Goal of the exercise » Using the data below, return word for word every line from the one holding "Ahşap masanın üstünde" down to the one holding "3 bedroom Villa". Leave pictures out.

Data supplied »
--- START ---

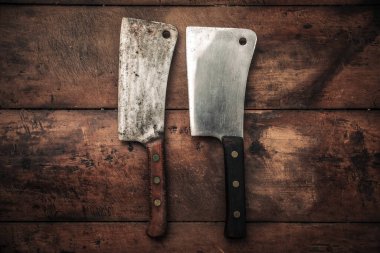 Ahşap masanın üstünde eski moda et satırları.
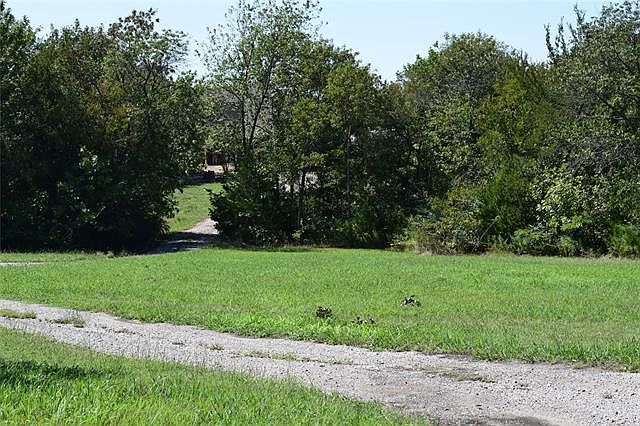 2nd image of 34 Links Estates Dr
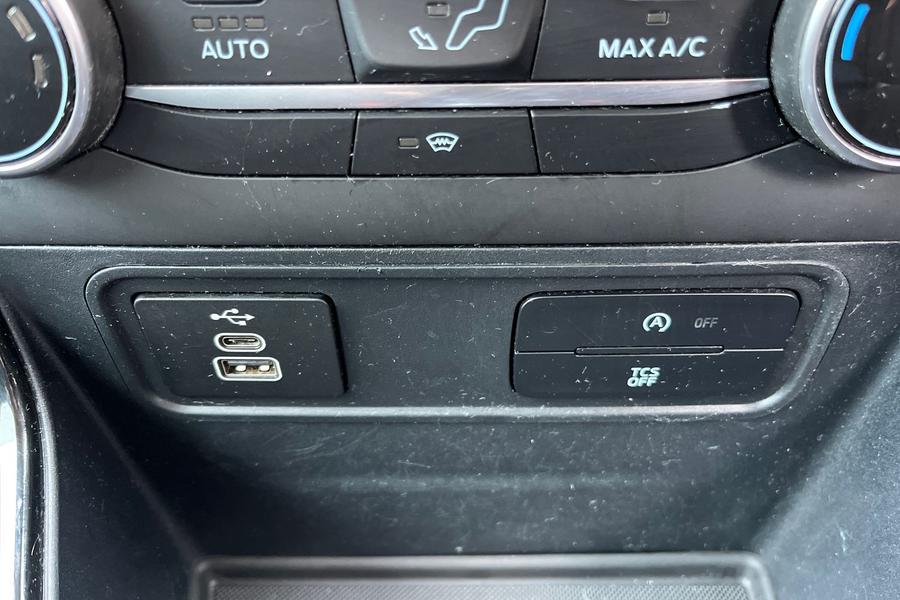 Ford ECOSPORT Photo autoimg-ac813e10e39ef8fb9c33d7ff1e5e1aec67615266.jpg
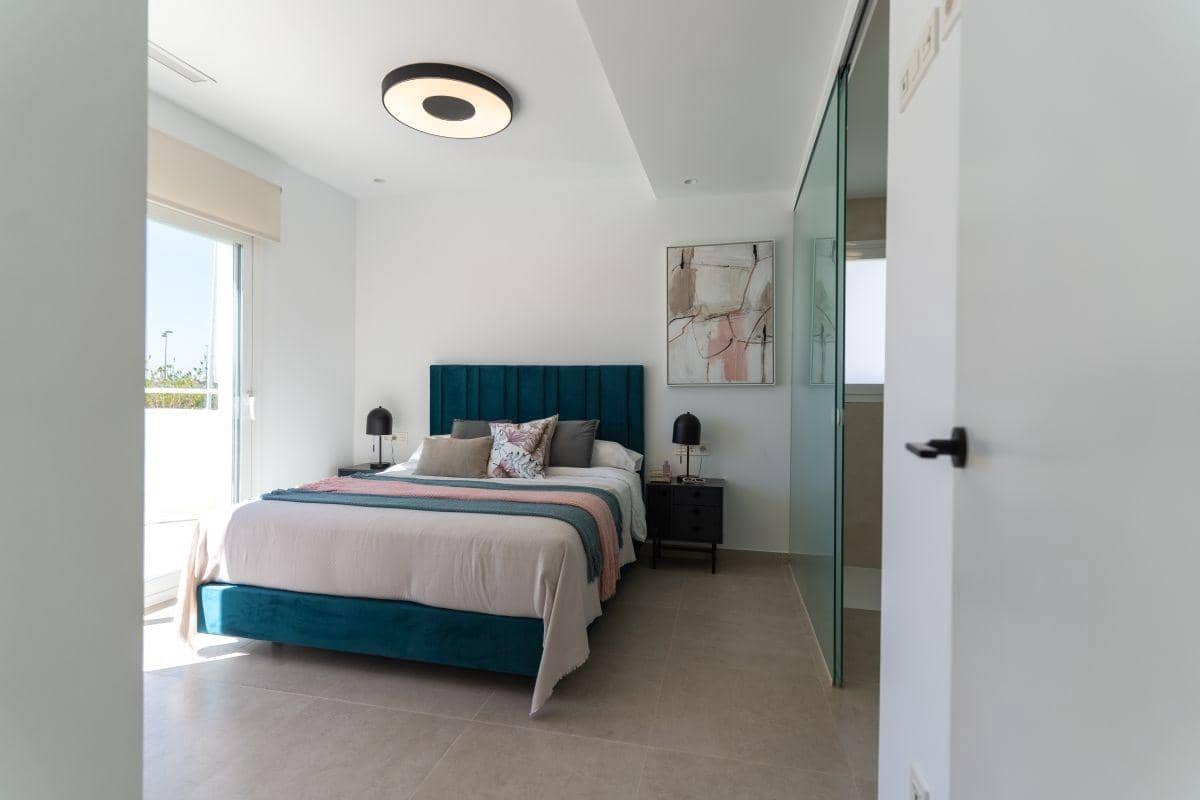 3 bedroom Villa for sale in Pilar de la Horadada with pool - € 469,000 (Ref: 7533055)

--- END ---
--- START ---

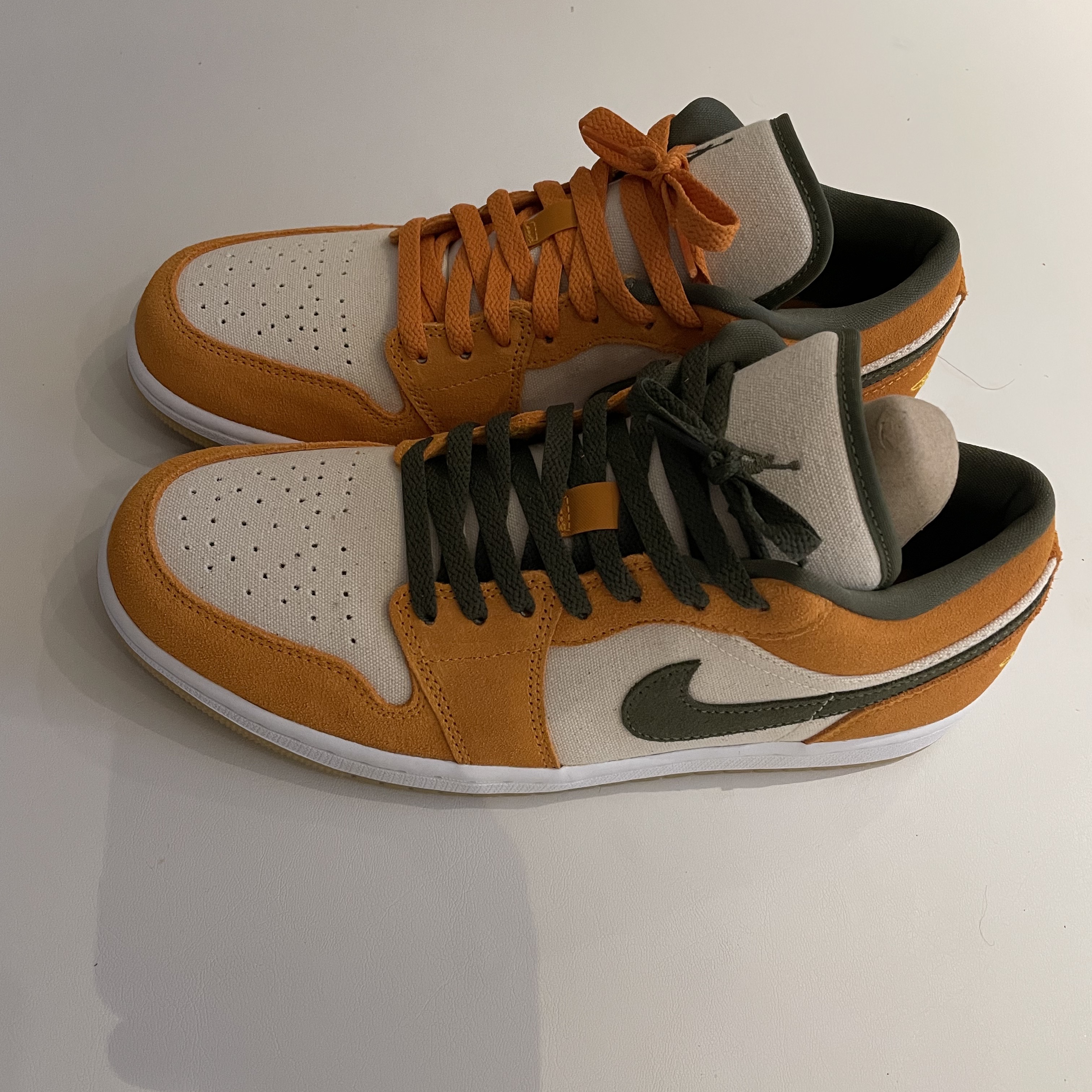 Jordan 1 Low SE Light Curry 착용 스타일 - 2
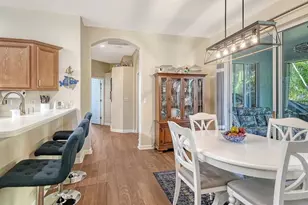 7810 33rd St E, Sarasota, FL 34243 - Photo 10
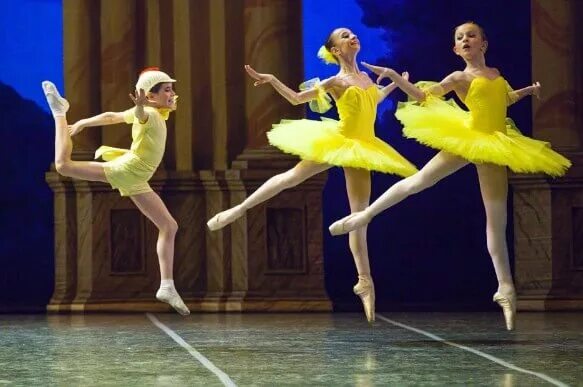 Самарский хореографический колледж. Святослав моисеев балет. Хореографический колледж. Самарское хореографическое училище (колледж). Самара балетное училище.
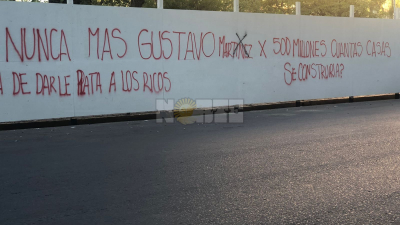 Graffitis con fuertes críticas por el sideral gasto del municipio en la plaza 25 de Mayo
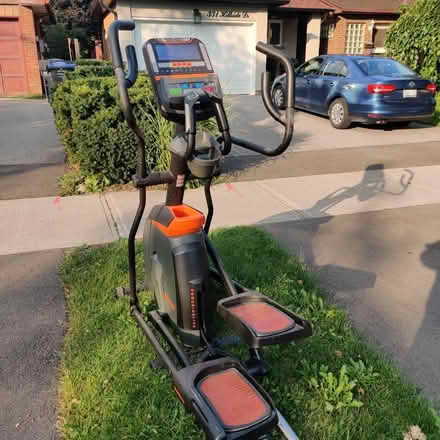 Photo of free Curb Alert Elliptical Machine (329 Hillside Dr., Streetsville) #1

--- END ---

Task output »
 Ahşap masanın üstünde eski moda et satırları.
 2nd image of 34 Links Estates Dr
 Ford ECOSPORT Photo autoimg-ac813e10e39ef8fb9c33d7ff1e5e1aec67615266.jpg
 3 bedroom Villa for sale in Pilar de la Horadada with pool - € 469,000 (Ref: 7533055)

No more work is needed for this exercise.